▶ [TASK INSTRUCTIONS]: Every record here must be copied exactly, except for the images it holds.
*-*-*
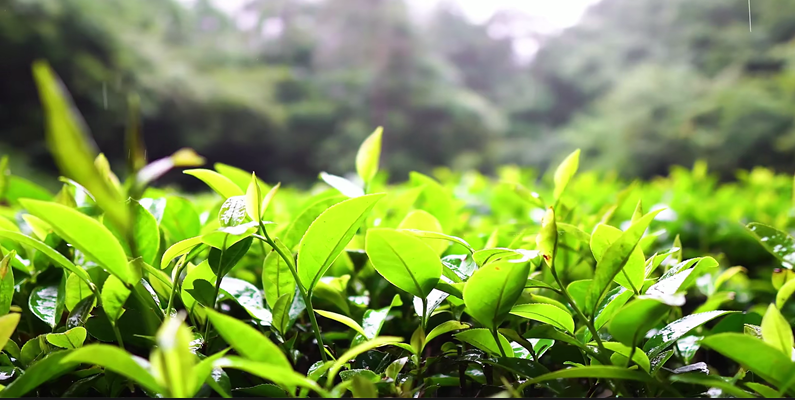 110款-茶山采茶视频素材大全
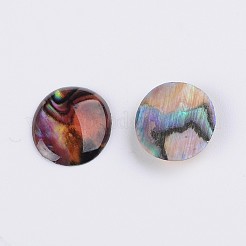 Ovale Abalone-Muschel / Paua-Muschel-Cabochons SSHEL-K002-12x10mm-03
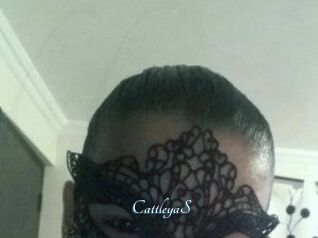 Cattleya_S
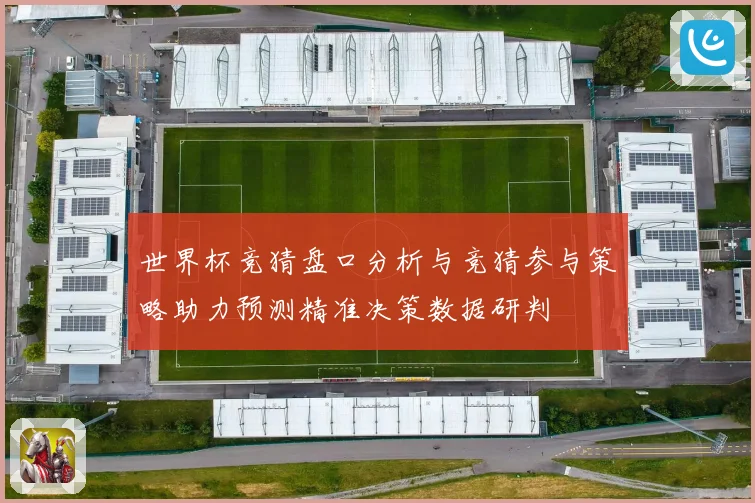 世界杯竞猜盘口分析与竞猜参与策略助力预测精准决策数据研判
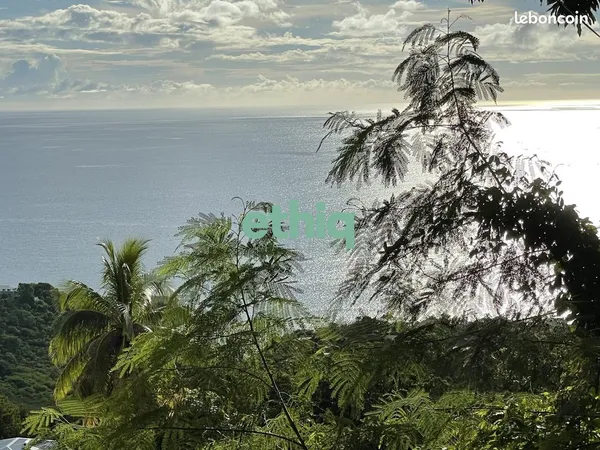 Terrain 20273 m² Bouillante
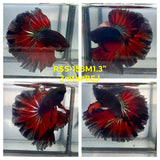 Live Male Betta Fancy Red Devil Halfmoon Rosetail (RSS-158)High quality what you see what you get!!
*-*-*
▶ [RESULT BELOW]:
 110款-茶山采茶视频素材大全
 Ovale Abalone-Muschel / Paua-Muschel-Cabochons SSHEL-K002-12x10mm-03
 Cattleya_S
 世界杯竞猜盘口分析与竞猜参与策略助力预测精准决策数据研判
 Terrain 20273 m² Bouillante
 Live Male Betta Fancy Red Devil Halfmoon Rosetail (RSS-158)High quality what you see what you get!!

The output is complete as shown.